Records for this exercise -
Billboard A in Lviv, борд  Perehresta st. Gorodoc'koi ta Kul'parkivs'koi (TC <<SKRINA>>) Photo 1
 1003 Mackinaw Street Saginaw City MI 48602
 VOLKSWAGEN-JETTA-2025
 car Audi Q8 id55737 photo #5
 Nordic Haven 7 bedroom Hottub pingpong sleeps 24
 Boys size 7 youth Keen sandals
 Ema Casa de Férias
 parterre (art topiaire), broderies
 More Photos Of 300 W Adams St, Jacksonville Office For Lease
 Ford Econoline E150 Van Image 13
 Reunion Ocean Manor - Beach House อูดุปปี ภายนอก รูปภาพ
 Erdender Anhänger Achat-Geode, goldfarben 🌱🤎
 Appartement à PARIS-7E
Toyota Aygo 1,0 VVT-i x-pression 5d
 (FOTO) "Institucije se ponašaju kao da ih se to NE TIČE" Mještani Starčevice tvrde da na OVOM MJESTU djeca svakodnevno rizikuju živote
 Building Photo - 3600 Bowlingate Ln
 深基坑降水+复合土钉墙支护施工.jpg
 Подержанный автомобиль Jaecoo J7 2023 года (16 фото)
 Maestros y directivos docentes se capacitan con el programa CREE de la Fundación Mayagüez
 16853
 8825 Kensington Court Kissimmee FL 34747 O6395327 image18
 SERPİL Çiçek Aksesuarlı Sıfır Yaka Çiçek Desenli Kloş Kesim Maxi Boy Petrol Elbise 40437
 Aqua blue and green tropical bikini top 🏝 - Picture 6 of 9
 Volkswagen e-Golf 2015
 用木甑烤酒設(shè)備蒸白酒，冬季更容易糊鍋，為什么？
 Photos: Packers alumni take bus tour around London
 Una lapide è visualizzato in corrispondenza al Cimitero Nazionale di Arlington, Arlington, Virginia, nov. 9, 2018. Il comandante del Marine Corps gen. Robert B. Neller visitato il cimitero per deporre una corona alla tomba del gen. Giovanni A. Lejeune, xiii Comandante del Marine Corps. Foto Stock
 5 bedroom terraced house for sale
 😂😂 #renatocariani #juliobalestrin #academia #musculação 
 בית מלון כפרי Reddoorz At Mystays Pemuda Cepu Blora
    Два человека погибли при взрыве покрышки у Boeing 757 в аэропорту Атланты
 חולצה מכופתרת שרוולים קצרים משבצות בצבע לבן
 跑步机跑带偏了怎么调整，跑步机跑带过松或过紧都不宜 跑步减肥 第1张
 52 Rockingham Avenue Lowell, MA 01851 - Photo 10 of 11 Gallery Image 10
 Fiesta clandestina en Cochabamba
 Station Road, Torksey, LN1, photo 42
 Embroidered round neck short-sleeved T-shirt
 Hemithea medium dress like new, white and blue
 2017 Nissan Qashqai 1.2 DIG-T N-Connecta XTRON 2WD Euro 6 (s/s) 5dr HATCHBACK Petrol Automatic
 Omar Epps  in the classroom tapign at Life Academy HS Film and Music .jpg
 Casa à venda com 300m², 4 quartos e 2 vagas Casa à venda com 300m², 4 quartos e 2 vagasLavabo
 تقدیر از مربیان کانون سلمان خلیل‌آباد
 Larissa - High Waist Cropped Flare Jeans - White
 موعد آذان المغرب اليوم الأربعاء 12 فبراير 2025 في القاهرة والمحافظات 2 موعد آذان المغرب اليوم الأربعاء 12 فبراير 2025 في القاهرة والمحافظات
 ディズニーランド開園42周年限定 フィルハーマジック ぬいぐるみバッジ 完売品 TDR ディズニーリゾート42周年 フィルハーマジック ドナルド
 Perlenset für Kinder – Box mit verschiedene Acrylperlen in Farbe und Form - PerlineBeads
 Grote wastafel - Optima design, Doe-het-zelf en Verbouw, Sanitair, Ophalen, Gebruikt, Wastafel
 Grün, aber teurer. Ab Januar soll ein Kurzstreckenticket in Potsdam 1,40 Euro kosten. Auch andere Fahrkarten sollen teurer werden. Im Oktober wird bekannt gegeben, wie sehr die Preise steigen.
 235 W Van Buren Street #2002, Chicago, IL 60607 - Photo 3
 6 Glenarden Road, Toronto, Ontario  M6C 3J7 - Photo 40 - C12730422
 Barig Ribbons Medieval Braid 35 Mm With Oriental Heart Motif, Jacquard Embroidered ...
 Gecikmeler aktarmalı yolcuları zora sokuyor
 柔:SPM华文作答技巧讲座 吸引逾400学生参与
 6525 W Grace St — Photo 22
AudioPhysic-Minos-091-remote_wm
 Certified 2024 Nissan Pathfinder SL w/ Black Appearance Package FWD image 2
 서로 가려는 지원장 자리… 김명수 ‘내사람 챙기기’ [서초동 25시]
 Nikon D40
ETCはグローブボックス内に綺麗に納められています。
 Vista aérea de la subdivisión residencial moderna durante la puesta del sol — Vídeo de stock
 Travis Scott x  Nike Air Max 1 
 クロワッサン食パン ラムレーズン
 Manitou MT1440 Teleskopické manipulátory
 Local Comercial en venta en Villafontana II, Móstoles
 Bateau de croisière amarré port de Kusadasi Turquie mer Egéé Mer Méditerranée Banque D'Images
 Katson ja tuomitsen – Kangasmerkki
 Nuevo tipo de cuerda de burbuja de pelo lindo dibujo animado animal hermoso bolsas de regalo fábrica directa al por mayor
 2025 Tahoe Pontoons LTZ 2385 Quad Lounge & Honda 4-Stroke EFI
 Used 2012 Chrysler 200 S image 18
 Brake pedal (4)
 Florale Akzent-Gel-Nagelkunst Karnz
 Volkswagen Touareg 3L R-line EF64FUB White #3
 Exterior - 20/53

Problem statement -
Repeat, character for character, the lines from the one that holds "서로 가려는 지원장 자리… 김명수 ‘내사람 챙기기’ [서초동 25시]" to the final line of the material, inclusive, and no other lines.

Reply to the task -
 서로 가려는 지원장 자리… 김명수 ‘내사람 챙기기’ [서초동 25시]
 Nikon D40
ETCはグローブボックス内に綺麗に納められています。
 Vista aérea de la subdivisión residencial moderna durante la puesta del sol — Vídeo de stock
 Travis Scott x  Nike Air Max 1 
 クロワッサン食パン ラムレーズン
 Manitou MT1440 Teleskopické manipulátory
 Local Comercial en venta en Villafontana II, Móstoles
 Bateau de croisière amarré port de Kusadasi Turquie mer Egéé Mer Méditerranée Banque D'Images
 Katson ja tuomitsen – Kangasmerkki
 Nuevo tipo de cuerda de burbuja de pelo lindo dibujo animado animal hermoso bolsas de regalo fábrica directa al por mayor
 2025 Tahoe Pontoons LTZ 2385 Quad Lounge & Honda 4-Stroke EFI
 Used 2012 Chrysler 200 S image 18
 Brake pedal (4)
 Florale Akzent-Gel-Nagelkunst Karnz
 Volkswagen Touareg 3L R-line EF64FUB White #3
 Exterior - 20/53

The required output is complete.